Interview.me

Inspiration

Job interviews are a skill, and like any skill, you get better by doing them, not reading about them. But practice opportunities are scarce. You can't ask a friend to grill you on system design for an hour, and most "interview prep" tools are just glorified flashcard apps.

We wanted to build the thing we wished existed when we were preparing for interviews ourselves: something you could point at any job posting and immediately get a realistic, voice-based mock interview tailored to that specific role, followed by a brutally honest breakdown of how you did.

What We Learned

The most important thing we learned is that the quality of an AI interview lives or dies on context. Early prototypes asked generic questions and it felt pointless, like practicing with someone who hadn't read the job description. The moment we added enrichment (scraping the actual posting, pulling real interview questions from Glassdoor and Blind, extracting the tech stack and seniority level), the experience went from "toy demo" to something we'd actually use ourselves.

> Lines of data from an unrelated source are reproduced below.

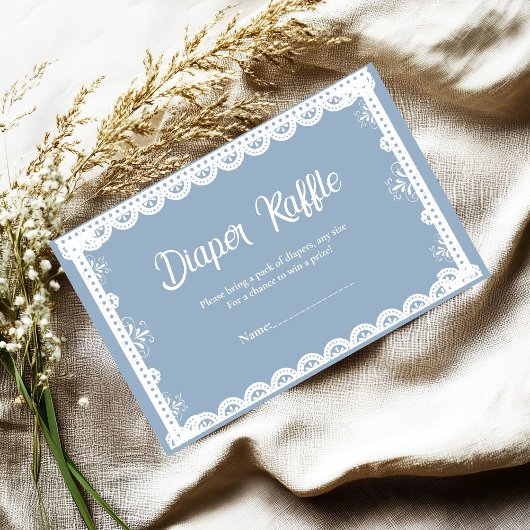 Dusty Blue Mexican Boy Babydusche auf Anfrage Begleitkarte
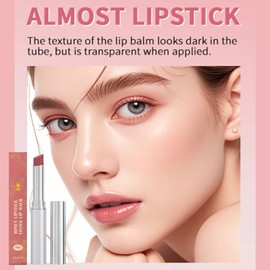 Pink Tinted Honey Lipstick,Hydrating Lipstick For Dry Lips,Long-lasting Nourishing Lip Balm Natural Moisturizing Tint Makeup Lip Gloss For Women Girls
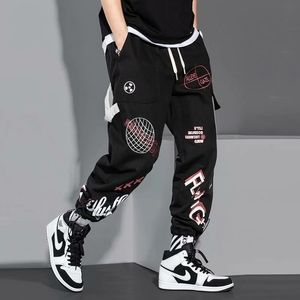 2021 Pantalon cargo de mode pour hommes Beau motif imprimé Pantalon streetwear ample Grande taille Pantalon de jogging décontracté Pantalon de survêtement 220212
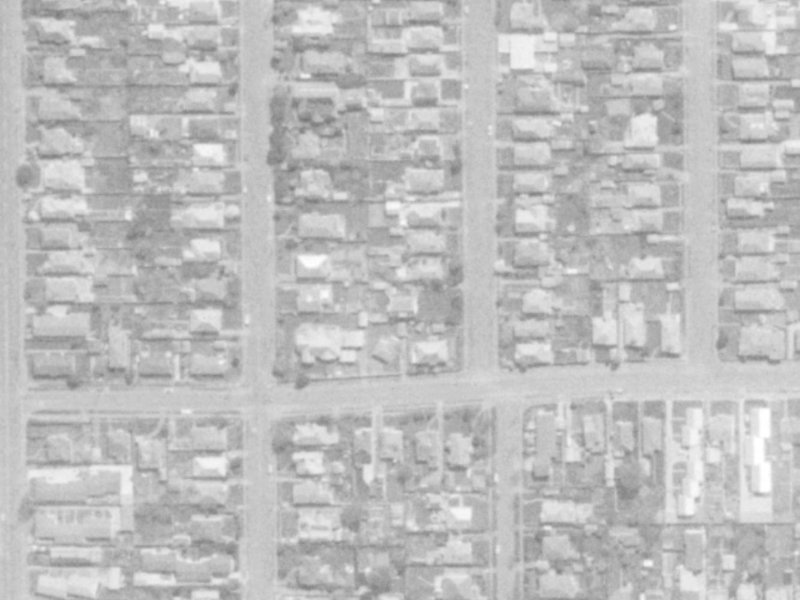 210 Geraldine Street from the air, 1975-1979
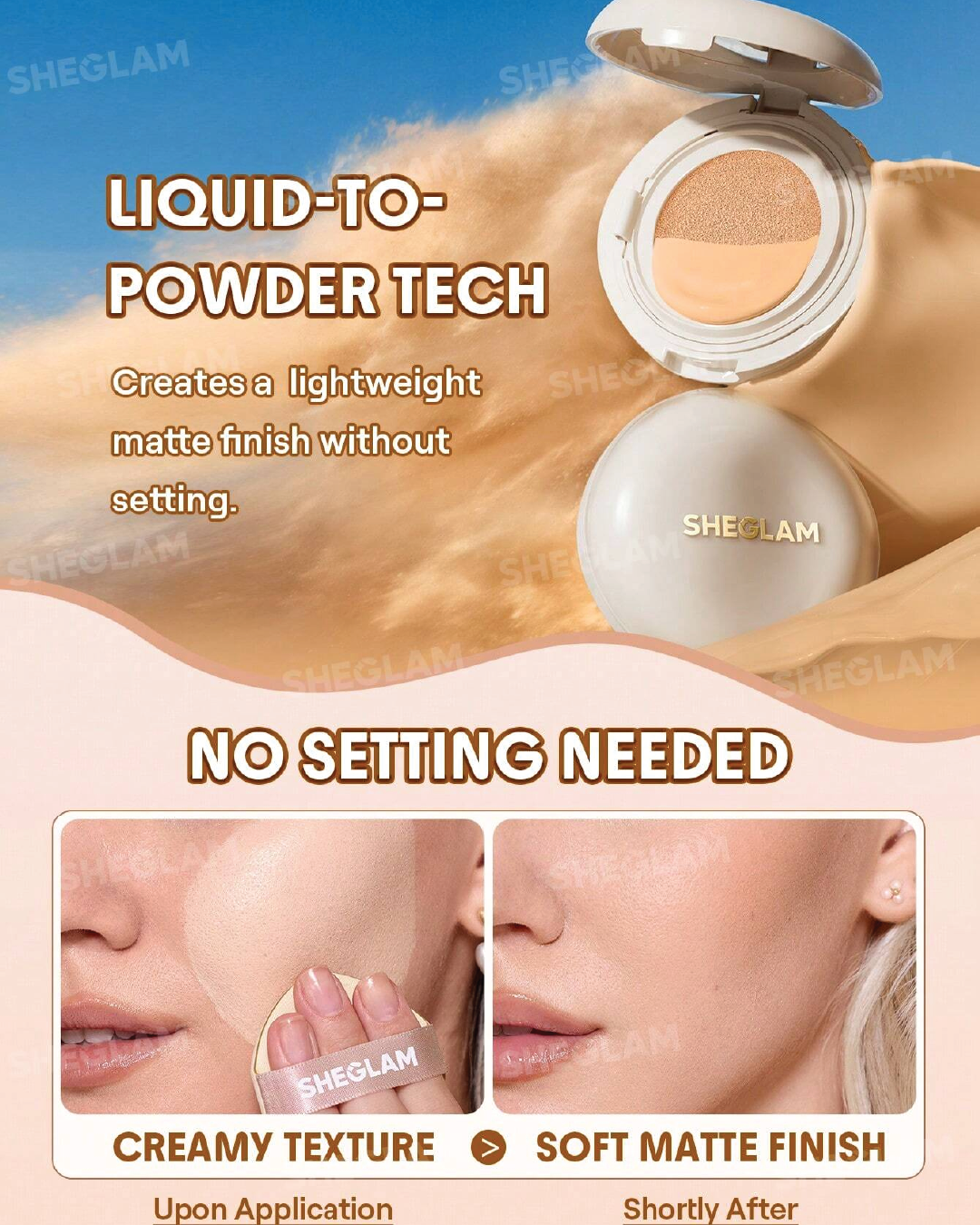 SHEGLAM Lock & Go Long-Lasting Cushion Foundation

We also underestimated how much work goes into making a conversation feel natural when it's stitched together from APIs. Speech recognition, language models, and text-to-speech are three separate systems with different latencies, failure modes, and quirks. Stitching them into a fluid back-and-forth conversation where the AI's voice starts playing instantly, silence is detected gracefully, and page refreshes don't break everything was the real engineering challenge, not the AI itself.

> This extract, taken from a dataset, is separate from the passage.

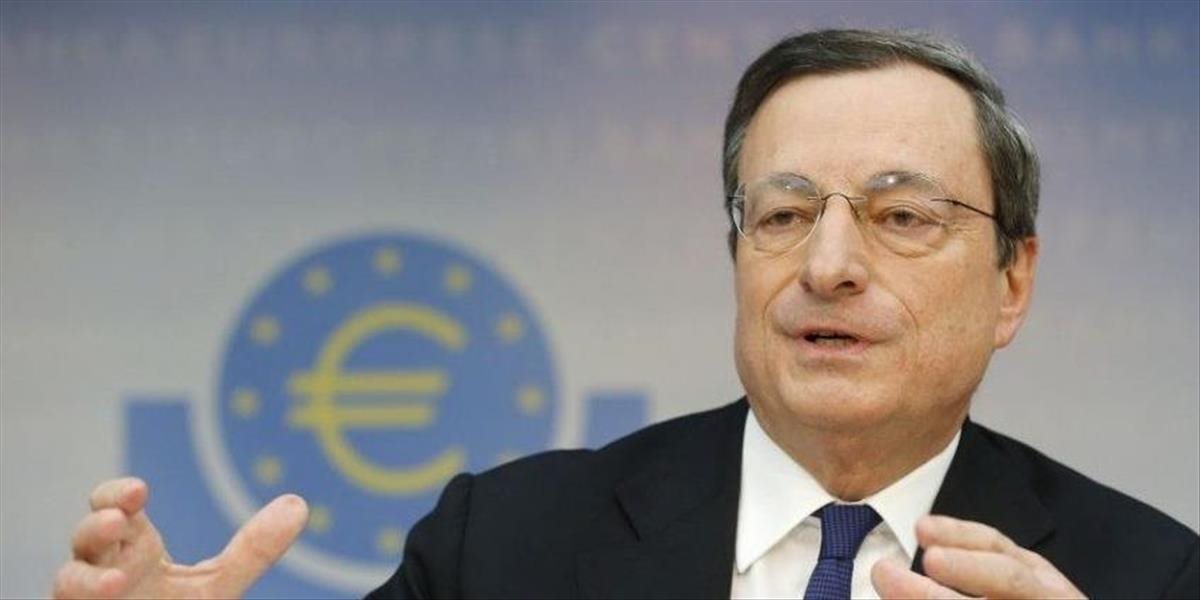 Draghi: Eurozóna musí byť pripravená na eskaláciu obchodných konfliktov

Finally, we learned that constraining an LLM is harder than prompting one. Getting the model to ask good questions was easy. Getting it to stop talking after asking them, to resist the urge to add encouragement, commentary, or follow-ups, required multiple layers of guardrails we never anticipated.

How We Built It

interview.me is a TypeScript monorepo with a React 19 frontend and an Express 5 backend, deployed on DigitalOcean App Platform with a managed PostgreSQL database.

When a user pastes a job URL, the backend kicks off an enrichment pipeline: Jina Reader scrapes the posting for requirements and tech stack, Serper searches for real-world interview questions and company culture insights, and DigitalOcean Gradient AI (minimax-m2.5) synthesizes everything into a tailored interviewer persona and reference brief. A background phase continues enriching after the session starts, scraping additional sources and aggregating interview intel.

The interview itself is entirely voice-driven. ElevenLabs powers the interviewer's voice, streamed in real time through the browser's MediaSource API so audio begins playing the moment the first bytes arrive, no waiting for the full response. The candidate speaks through the Web Speech API, with custom silence detection and auto-restart logic to keep recognition alive. The frontend orchestrates the whole loop as a state machine: the AI speaks, listens, processes, and responds, turn after turn.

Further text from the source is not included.